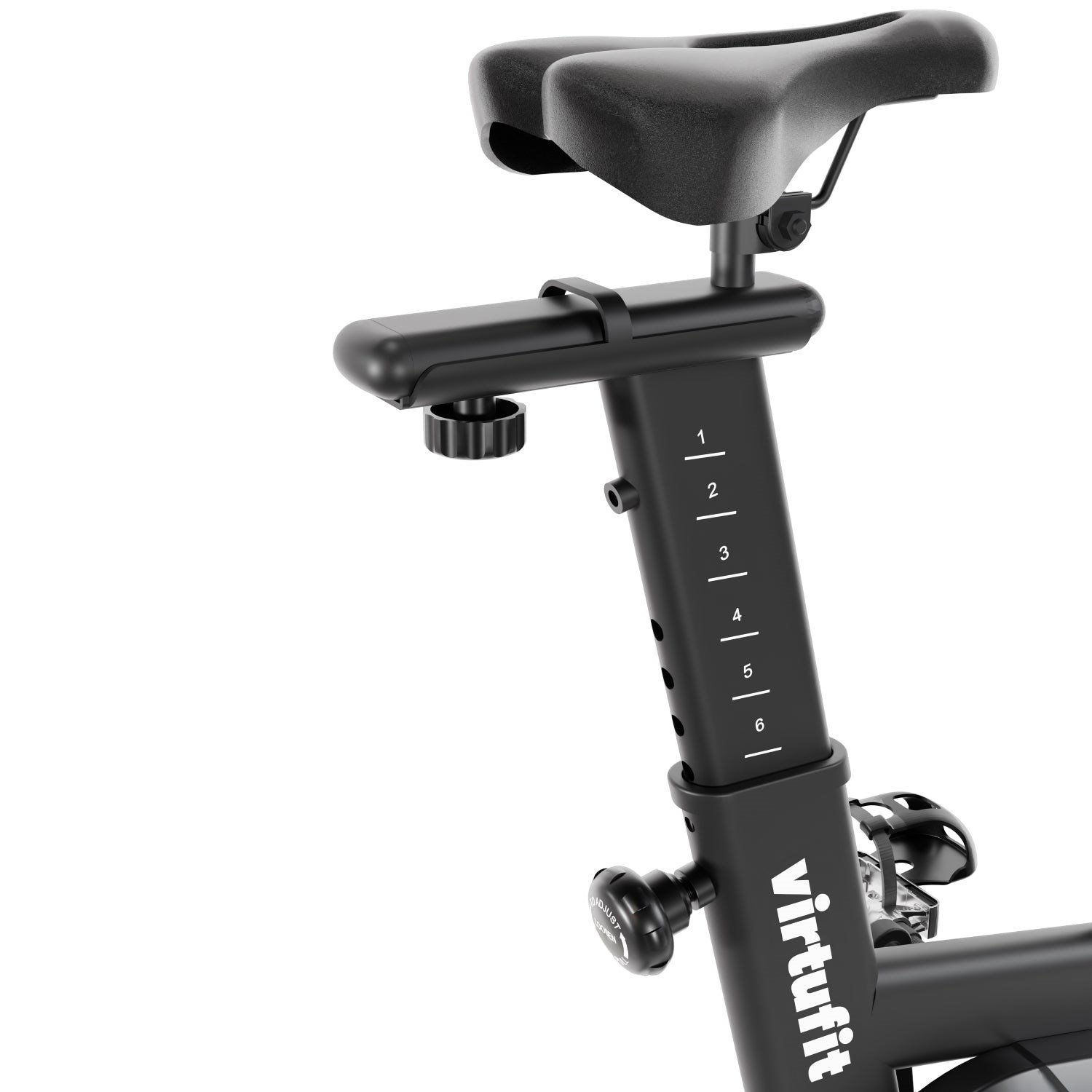 VirtuFit RS200i Indoor Cycle 22 kg Volan – Spinning Bisikleti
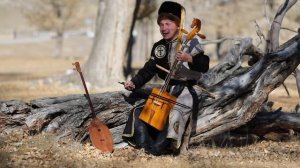 Алтайские народные инструменты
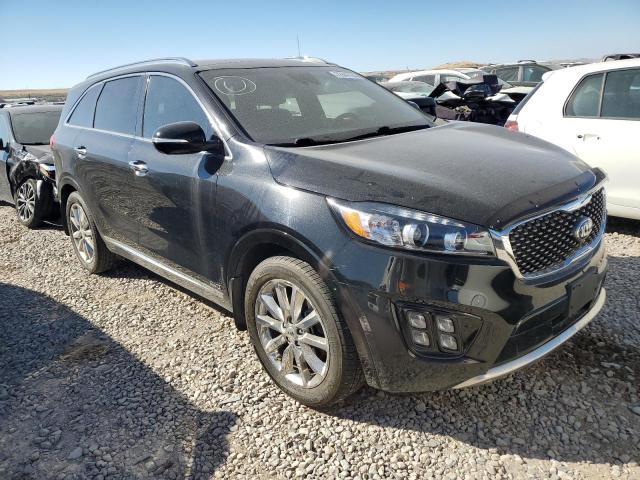 VIN 5XYPKDA57HG243661 2017 KIA Sorento, SX no.4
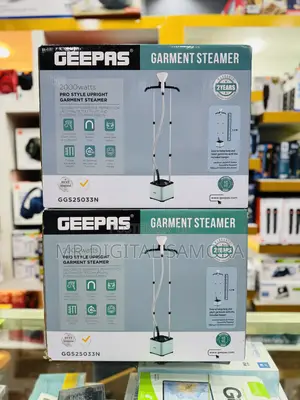 Geepas Garment Steamer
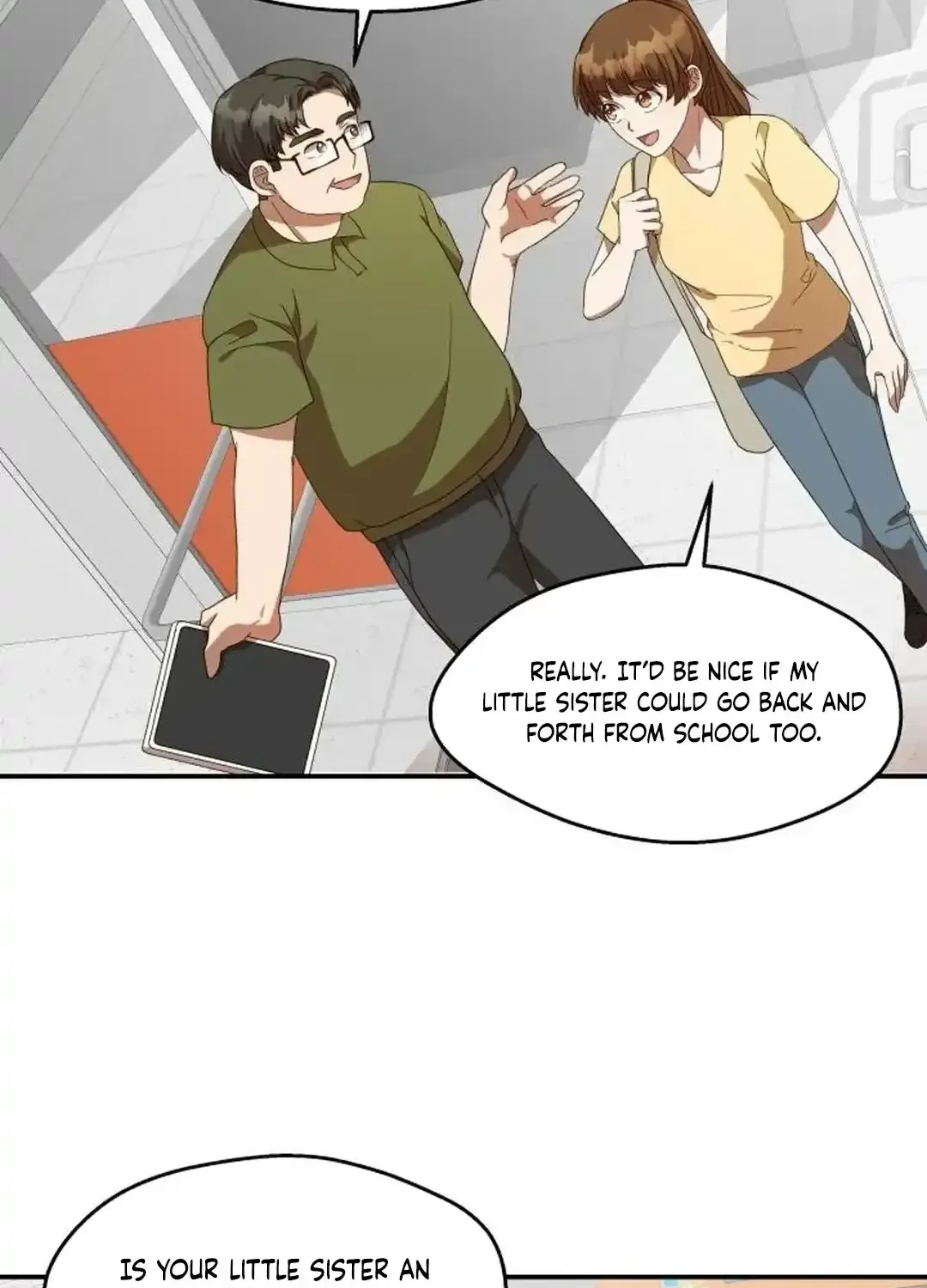 Seolyusang Appa Chapter 3 page 68 - 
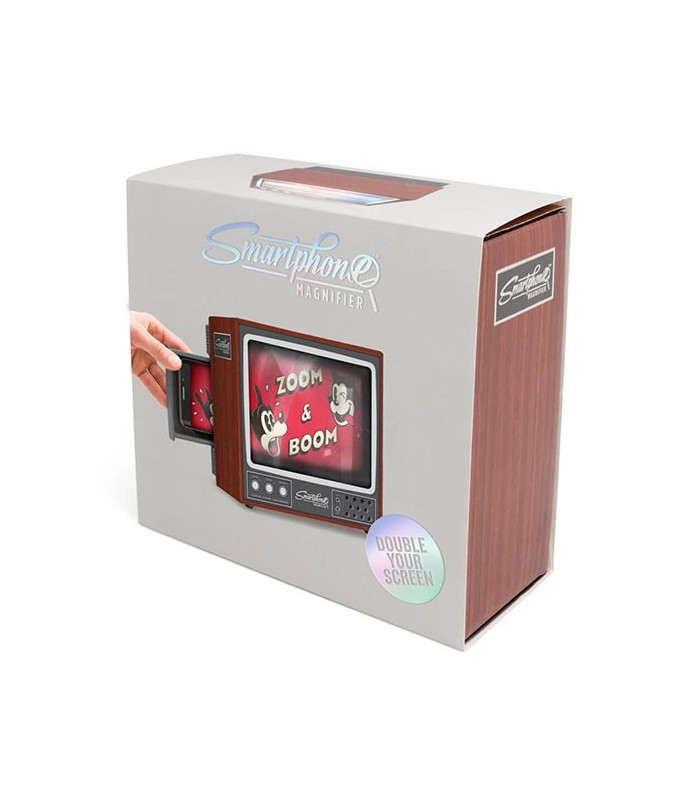 Smartphone Magnifier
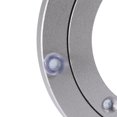 thumbnail image 2 of Qiilu Roulement de Table, Roulement Rotatif en Alliage d'Aluminium Robuste pour Plateau Tournant Rond de Table à Manger, Plaque Pivotante Lisse, Roulement de Table Rond, 2 of 6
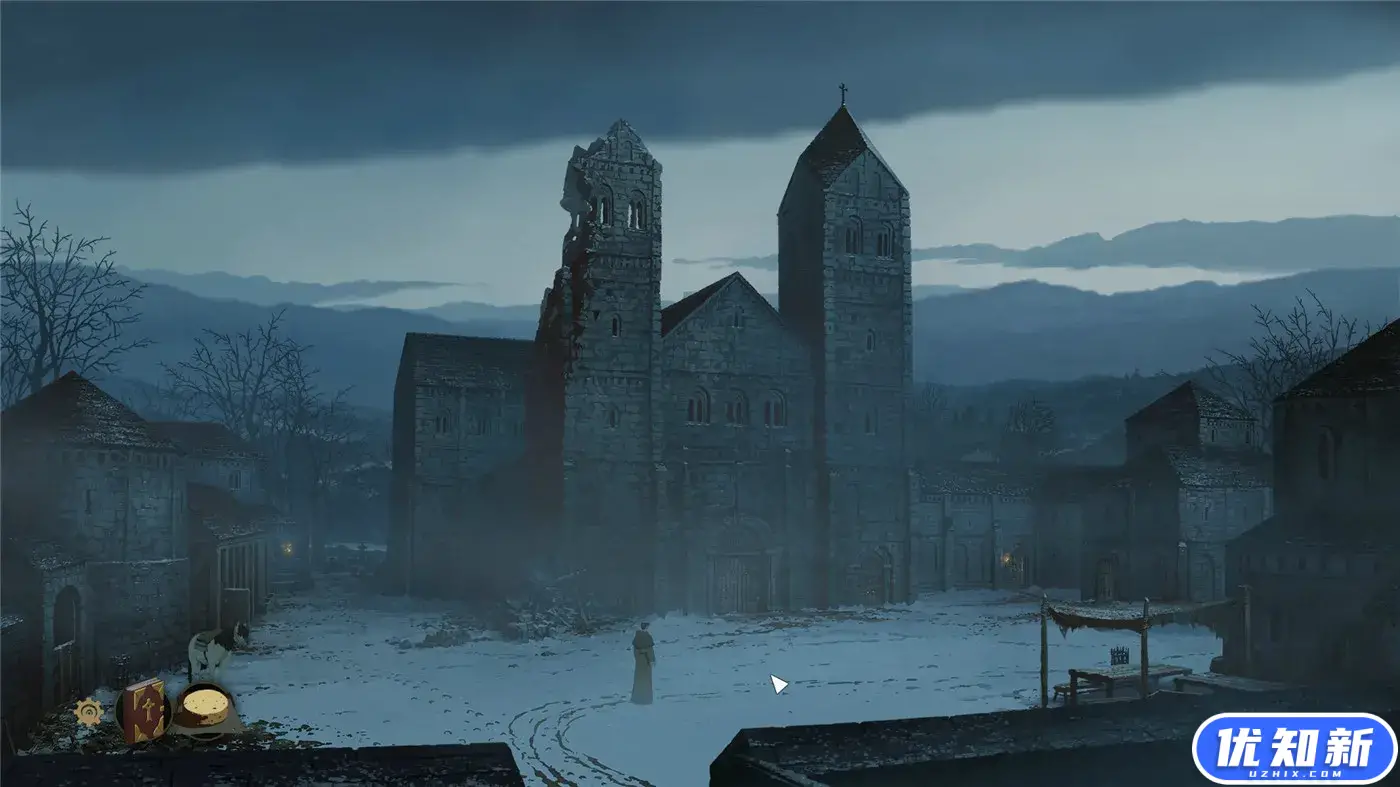 圣殿春秋/Ken Follett's The Pillars of the Earth-知新网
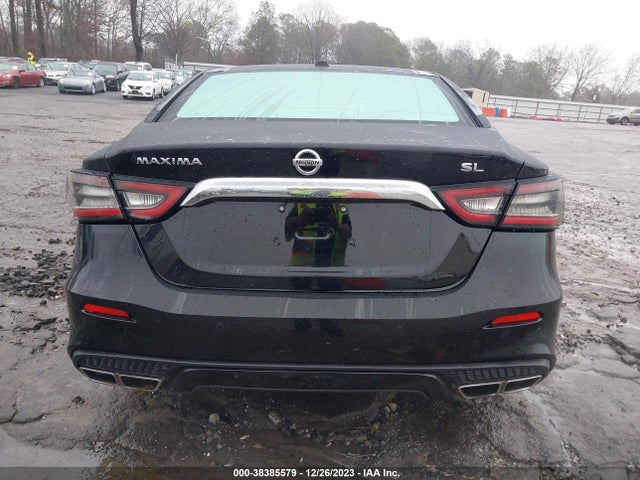 Nissan Maxima Sl Xtronic Cvt 2020 1N4AA6DV6LC375040 Image 16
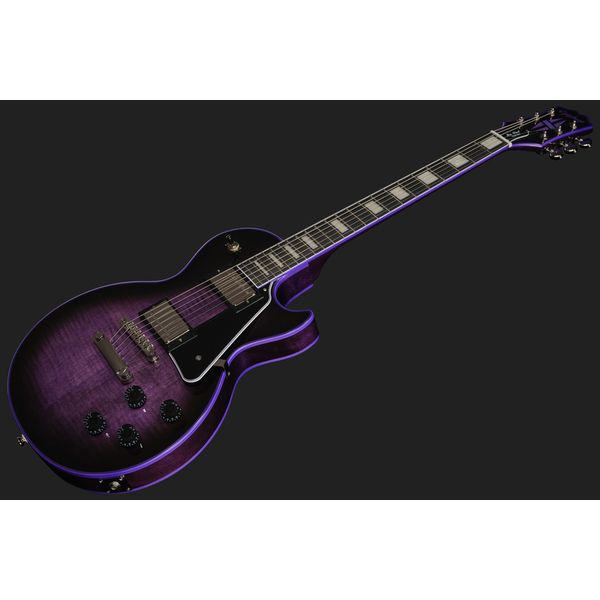 Epiphone Les Paul Custom Widow PB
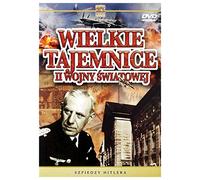 Wielkie Tajemnice II Wojny Światowej 12: Szpiedzy Hitlera [DVD] (Pas de version française)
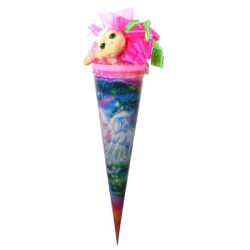 Beispielbild für gebundene Zuckertüte
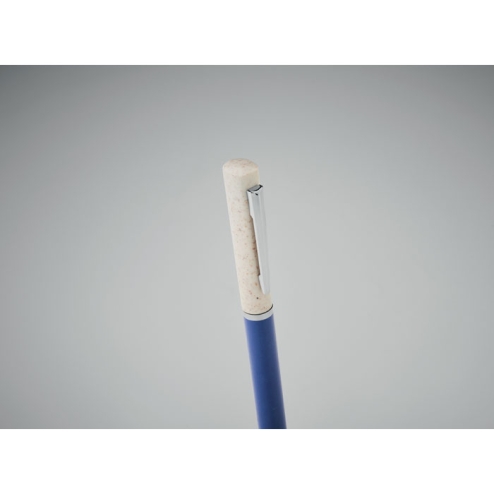 Stylo twist paille de blé/ABS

※ ※ ※

■ **WORK TASK**: The lines to copy begin with the one containing "Geepas Garment Steamer" and end with the last line of the entries above; copy them exactly, minus the pictures.

■ **SOLVED PROBLEM**:
 Geepas Garment Steamer
 Seolyusang Appa Chapter 3 page 68 - 
 Smartphone Magnifier
 thumbnail image 2 of Qiilu Roulement de Table, Roulement Rotatif en Alliage d'Aluminium Robuste pour Plateau Tournant Rond de Table à Manger, Plaque Pivotante Lisse, Roulement de Table Rond, 2 of 6
 圣殿春秋/Ken Follett's The Pillars of the Earth-知新网
 Nissan Maxima Sl Xtronic Cvt 2020 1N4AA6DV6LC375040 Image 16
 Epiphone Les Paul Custom Widow PB
 Wielkie Tajemnice II Wojny Światowej 12: Szpiedzy Hitlera [DVD] (Pas de version française)
 Beispielbild für gebundene Zuckertüte
 Stylo twist paille de blé/ABS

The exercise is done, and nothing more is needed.